Nonprofit Pizza to the Polls helped deliver more than 10,000 pizzas to voters braving long lines nationwide yesterday. Here, a volunteer hands out pizza to voters in Atlanta, Ga. (Photo: Melina Mara/Washington Post via Getty Images)
Nonprofit Pizza to the Polls helped deliver more than 10,000 pizzas to voters braving long lines nationwide yesterday. Here, a volunteer hands out pizza to voters in Atlanta, Ga. (Photo: Melina Mara/Washington Post via Getty Images)

Duncombe and the team — which also includes roughly 20 other volunteers who are mostly friends — scan Twitter and Instagram for pictures of people reporting long voting lines and, after confirming that the line and polling place is real, send them anywhere from two to two dozen pizzas. In an email to Yahoo Lifestyle, Slice — the pizza delivery app that partners with Pizza to the Polls — sent a list of the regions where the most Pizza to the Polls orders occurred.
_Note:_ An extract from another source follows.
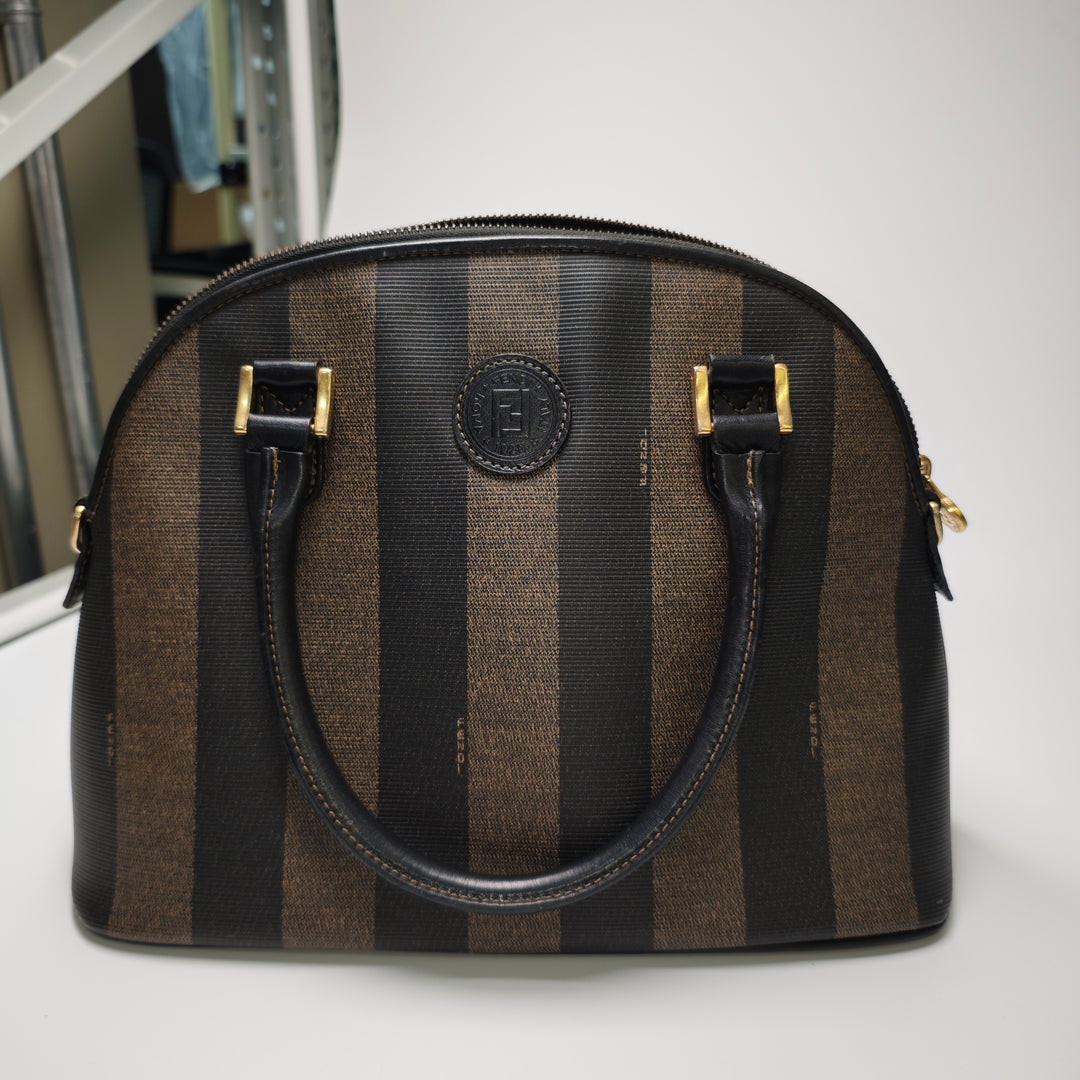 Fendi Pequin Coated Toile Dome Sac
Highest on the list was Georgia, with 98 pizza orders, followed closely by New York at 82 and then California with 80. “We got a call from a Pizza Hut in California, and they were like, ‘Hey, it’s 9 p.m. on a Tuesday and there are two of us here. It’s going to take forever to make this many,” Duncombe says. “So then we just told them, ‘Make as many as you can, and we split up the order.'”

According to Duncombe, the store that handled the most pizza orders also happened to be one of the smallest — a local shop in Whittier, Calif., called Pikey’s Pizza. Rudy Calderon, one of two employees scheduled to work Tuesday, says when the first order came in, it caught them off guard. “The first order was for 12 pizzas, and that freaked us out because there were only two of us,” Calderon tells Yahoo Lifestyle. “When I went to deliver them, I was a bit lost. I had no idea what was going on.”
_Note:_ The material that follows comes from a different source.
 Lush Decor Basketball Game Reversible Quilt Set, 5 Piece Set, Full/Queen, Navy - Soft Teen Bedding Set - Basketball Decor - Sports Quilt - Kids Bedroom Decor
But as the orders to the same polling place kept coming in, Calderon and his co-worker started to realize what was happening. “I thought it was going to be a normal slow Tuesday, but it ended up getting really crazy,” says Calderon. “I was supposed to be there 11 a.m. to 5:30, but I ended up staying until 10 p.m. to make sure everything went smoothly.”
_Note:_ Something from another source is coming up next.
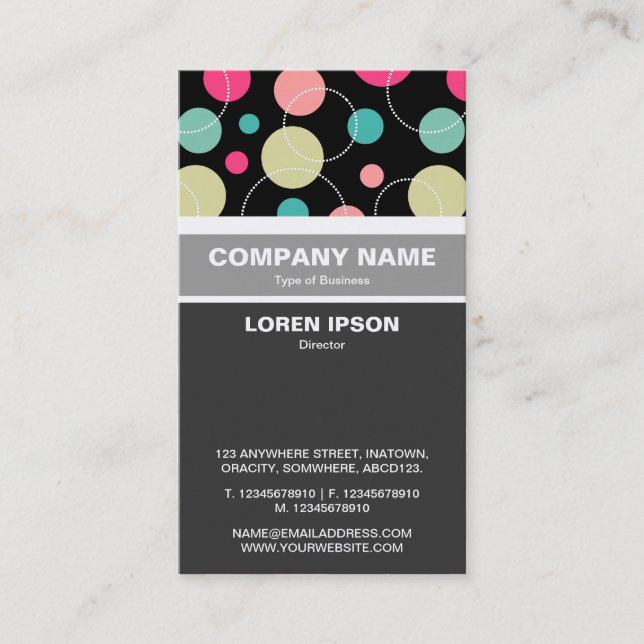 Vertical Banded - Spots & Circles 150816 Business Card (Front)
By the end of the day, Calderon and Pikey’s had delivered 86 pizzas to a single polling place in Whittier, a process that took seven trips. Although it got stressful at times, Calderon says the looks on people’s faces made it worthwhile. “Everyone was thanking me, and a couple people were giving me high-fives down the line,” he tells Yahoo Lifestyle. “It was definitely the most interesting and busy day I’ve had.” Back at work Wednesday, Calderon says he was happy to get the business but is hoping today will be slower.

While Calderon was seemingly the busiest pizza delivery man, he wasn’t the only one to be getting props. On Instagram and Twitter, people waiting to vote shared jubilant pictures of the scene when the pizza arrived, with captions thanking them for bringing much-needed food. “Pizza delivered and enjoyed up and down party lines,” tweeted Cynthia Kearns, next to a picture of a Domino’s delivery woman. “Thank you!”

As for Duncombe and his team, they too got to partake in a free pizza party, thanks to local Portland pizzerias who turned the tables and donated pizza to them. “It’s pretty meta,” Dumcombe says. Now, a day after the election, it’s up to his team to determine where to send the next pizzas with the remaining donations. But even when the current funds run out, Duncombe says there’s no plan to stop: “As long as the dough keeps coming, we will keep sending.”